Saved entries

□ □ □ □ □

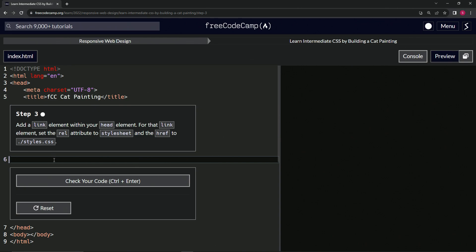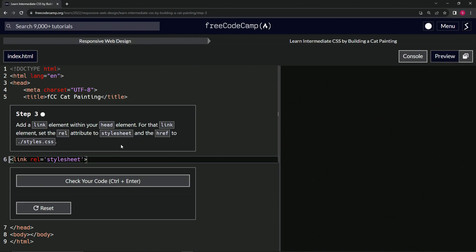All right. So we'll start off with the link and we'll say link like this, close it off. And inside of here, we'll say rel, which means relationship equals stylesheet. All right. So it knows that this link that we're about to make, the hypertext reference is referring to the stylesheet we're going to use for the CSS.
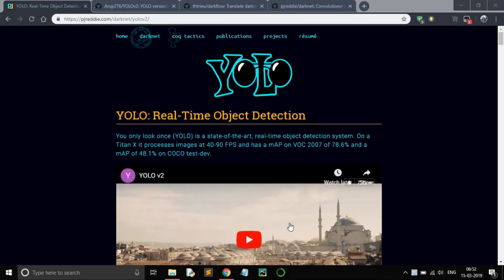Hey guys, welcome to this series where we will see how to implement YOLO v2 on Android devices. This is the first video of the series and here we will just run YOLO v2, see how to render a video, and detect certain objects. So let's start.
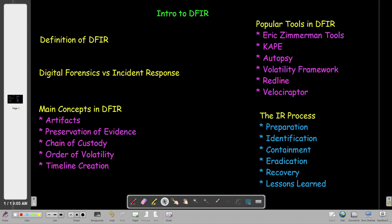What's going on YouTube? Today we're going to talk about DFIR. We're going to do an introduction to DFIR.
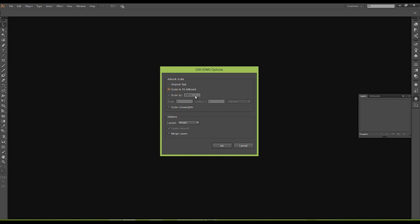It's asking me if I want to scale my drawing, how I want to scale it. If I want it to be original size, scale to fit the artboard, or scale by a hundred percent. If we scale by a hundred percent, meaning we're working with a full scale drawing, it can start to be a little bit programmatic. It's fine if it's something small.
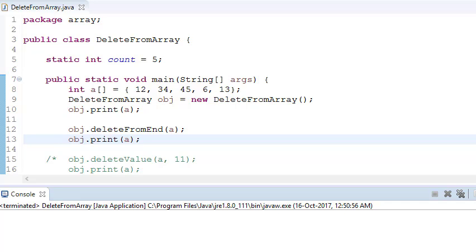Hi everyone, welcome to Coding Simplified. Today we'll see how we can delete an element from an array — from the end, by a particular value, or by a particular position — and get a new array showing how many elements remain after deletion.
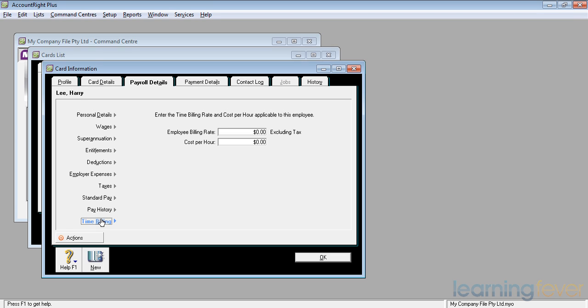But the next thing I want to do is to go to the payment details.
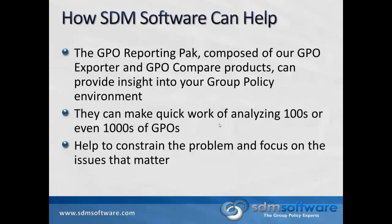They really do simplify and save time when it comes to trying to analyze hundreds or even thousands of GPOs in your environment. It's simply impossible to do that using the in-the-box tools in any reasonable manner. These tools are designed to streamline that process and give you the power of analyzing your group policy environment that's not possible with in-the-box tools.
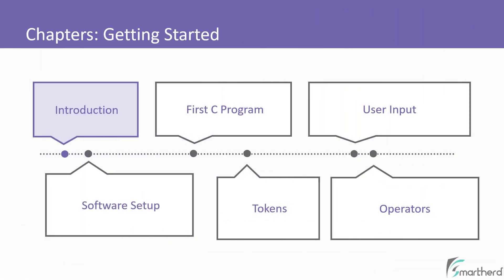In the first chapter, we will get an introduction to C programming language. Then we will do some software setup, such as installing the compiler, IDE, and so on.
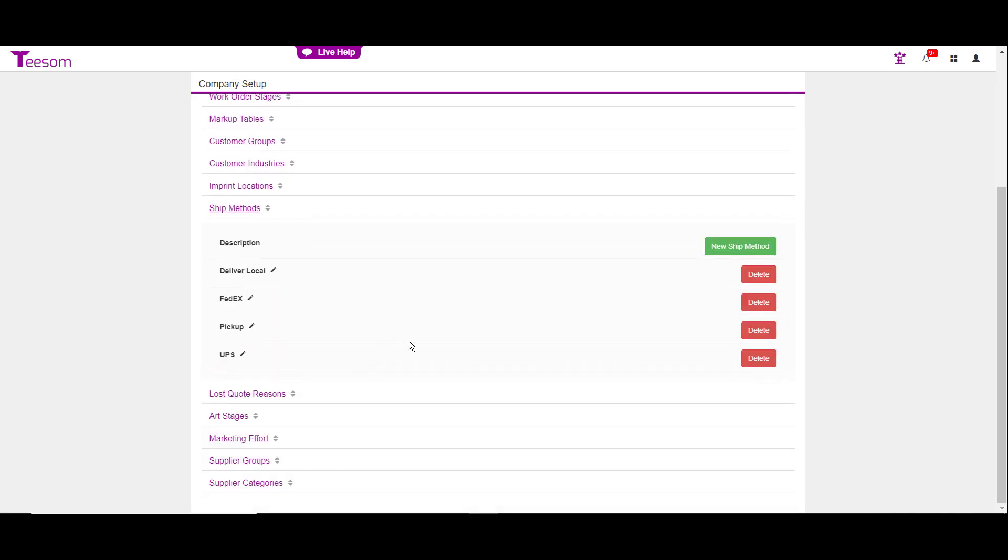Ship methods is the next area. Pretty much the same as the next few areas and a couple of the ones above it. You can create a new one, you can edit it, or you can delete.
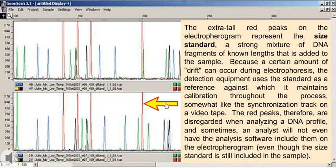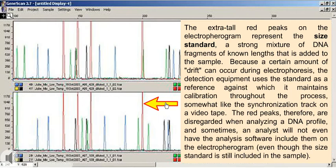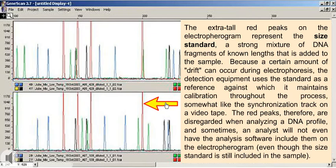The extra tall red peaks on the electropherogram represent the size standard, a strong mixture of DNA fragments of known lengths that is added to the sample. Because a certain amount of drift can occur during electrophoresis, the detection equipment uses the standard as a reference against which it maintains calibration throughout the process, somewhat like the synchronization track on a videotape. The red peaks are disregarded when analyzing a DNA profile, and sometimes an analyst will not even have the analysis software include them on the electropherogram, even though the size standard is still included in the sample.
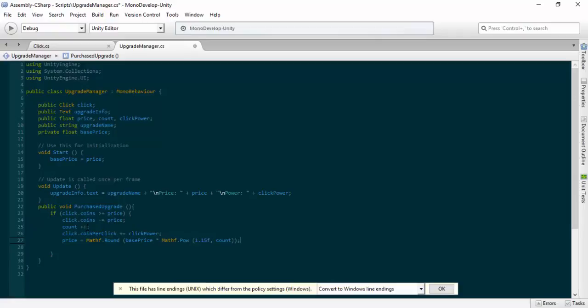That's it for the PurchaseUpgrade function. I'm going to save the script and check it over. We have the Click reference and upgradeInfo set up. We can change the values of these and add a name for each upgrade in the inspector. The starting price is set to whatever the price value is — that's correct.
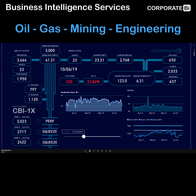Until recently, a dashboard of this complexity for visualising oil production would have required six or more months to develop and probably cost hundreds of thousands of dollars. I did this dashboard in about a day with Power BI. It gives an idea of what is possible now with business intelligence tools and how they can address the requirement for cost effective tracking and visualisation of oil production.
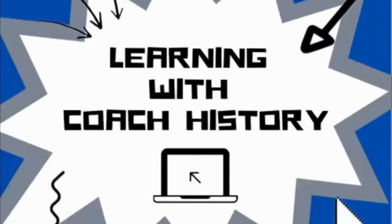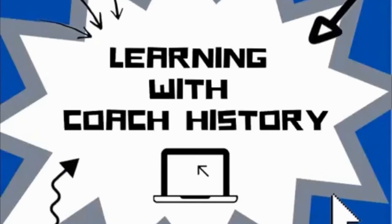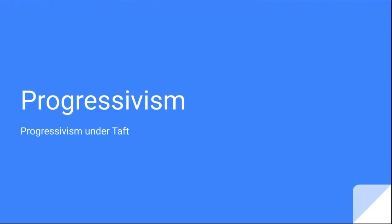This is Learning with Coach History. Hey, this is the sixth of seven lessons in progressivism. Today we'll talk about progressivism under the Taft presidency.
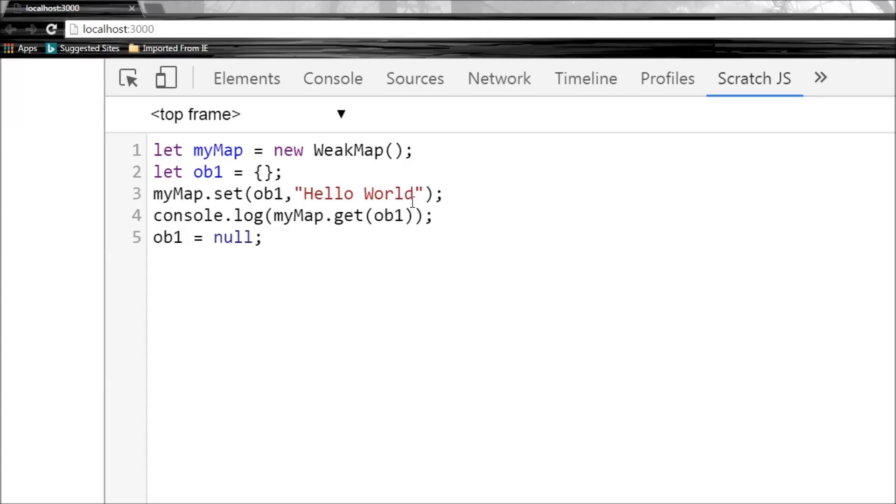Now I haven't yet come across a practical use of weak maps, so if you guys do come across the use of weak maps, please leave a comment. It's going to help a lot of people, including me. But I wanted to do this video to let you know that weak maps do exist in ES 2015.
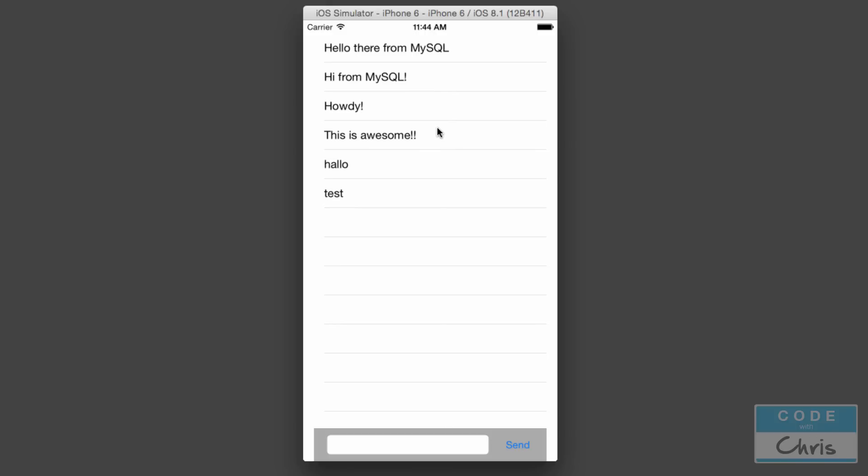This app demonstrates using a backend and how you can send and retrieve data across different devices.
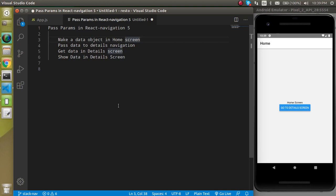Hi everyone, welcome back to my channel. My name is Anil, and in this React Navigation 5 video we will see how we can pass data from one screen to another screen with the navigation or with the router.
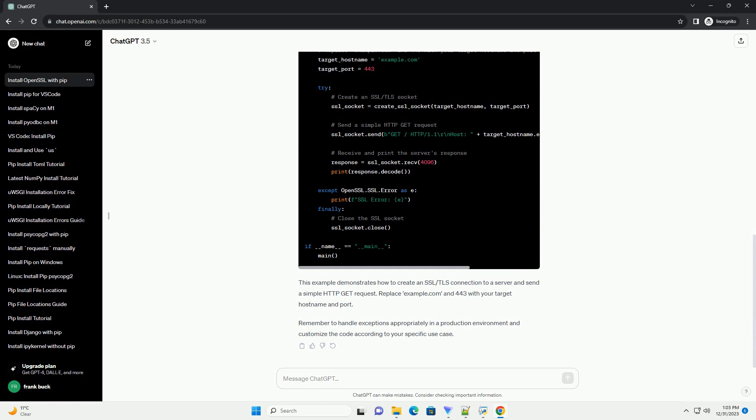Now that you have pyopenssl installed, you can use it in your Python code for SSL/TLS functionality. Below is a simple example of how to use pyopenssl to create an SSL/TLS client. This example demonstrates how to create an SSL/TLS connection to a server and send a simple HTTP GET request.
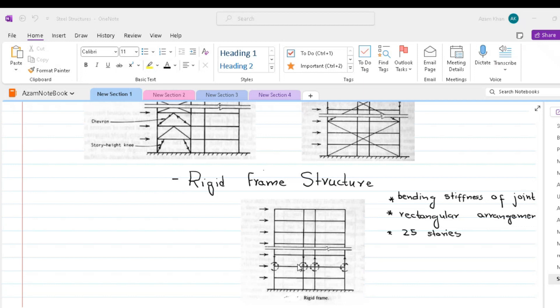While rigid frames of typical scale that serve alone to resist lateral loading have an economic height limit of about 25 storeys, smaller-scale rigid frames in the form of perimeter tube or typically scaled rigid frames in combination with shear walls or brace bands can be economic up to the greater heights.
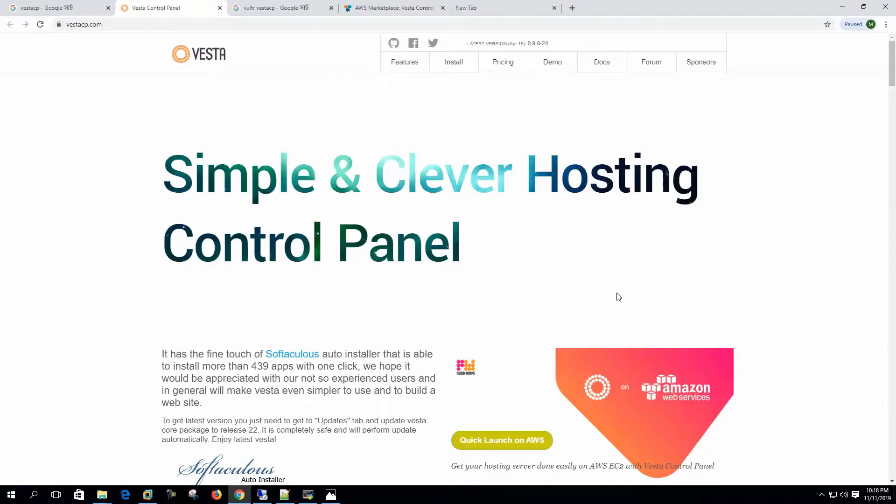Hi, welcome to my channel. Today we are going to start learning one of the most popular web control panels named VestaCP.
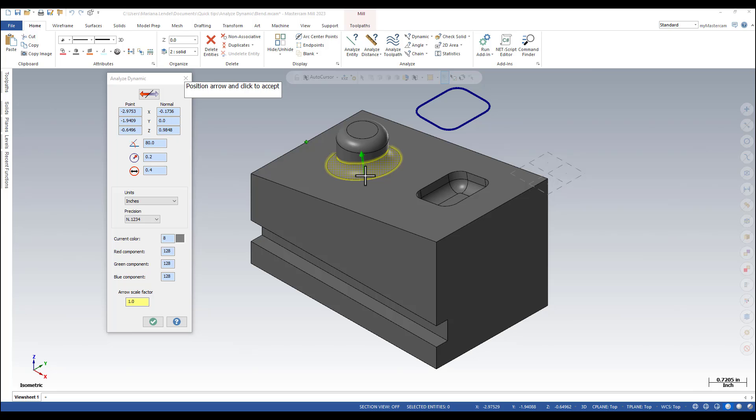Additionally Analyze Dynamic displays information about the color including the RGB values of the selected entity. You can also change the units and the precision if needed.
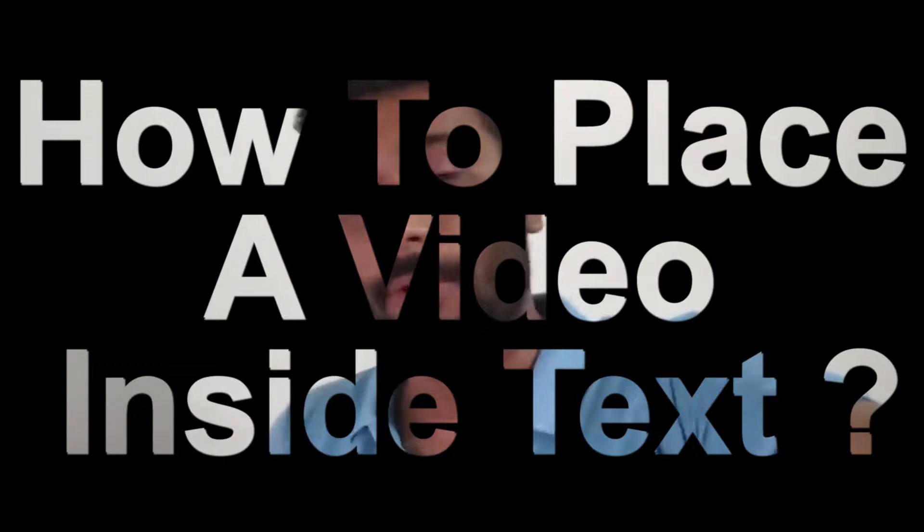What's going on? I didn't know about how to place a video inside text. It's a very small tutorial. You have seen this technique in travel vlogs. So let's start.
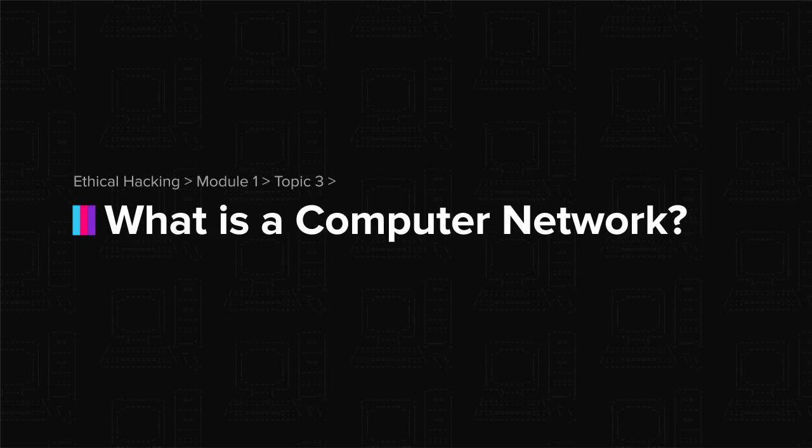In the previous topics, we learned about hacking and hackers. In this topic, we will learn about computer networking.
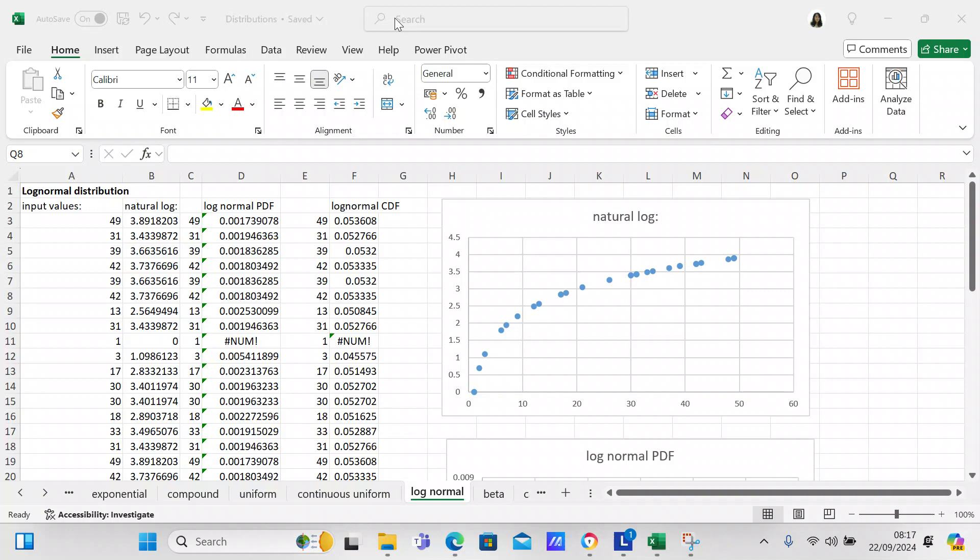Good morning, my YouTube viewers! It's Crystal here. I just wanted to make you another video, and this one is going to be on the log normal distribution. Hopefully I won't get tongue-tied in this video like I did in the last video. We're going to be talking about the log normal distribution and how you can make it in Excel.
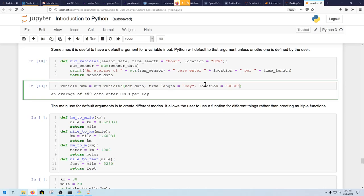When defining default variables like time_length and location, and when passing the parameters while calling the function — do you have to explicitly define which variables they are? Like on line 43, where you wrote time_length equals day and location equals UCSD — can you just pass day and UCSD by order? No, when you have a default like this, you always have to add the equal sign. You can't rely on order.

□ □ □ □ □

What this task involves: Word for word, restate the lines above from the one with "While rigid frames" through the one with "In the previous", keeping both ends and dropping the pictures.

Result of the task:
While rigid frames of typical scale that serve alone to resist lateral loading have an economic height limit of about 25 storeys, smaller-scale rigid frames in the form of perimeter tube or typically scaled rigid frames in combination with shear walls or brace bands can be economic up to the greater heights.
Hi, welcome to my channel. Today we are going to start learning one of the most popular web control panels named VestaCP.
Additionally Analyze Dynamic displays information about the color including the RGB values of the selected entity. You can also change the units and the precision if needed.
What's going on? I didn't know about how to place a video inside text. It's a very small tutorial. You have seen this technique in travel vlogs. So let's start.
In the previous topics, we learned about hacking and hackers. In this topic, we will learn about computer networking.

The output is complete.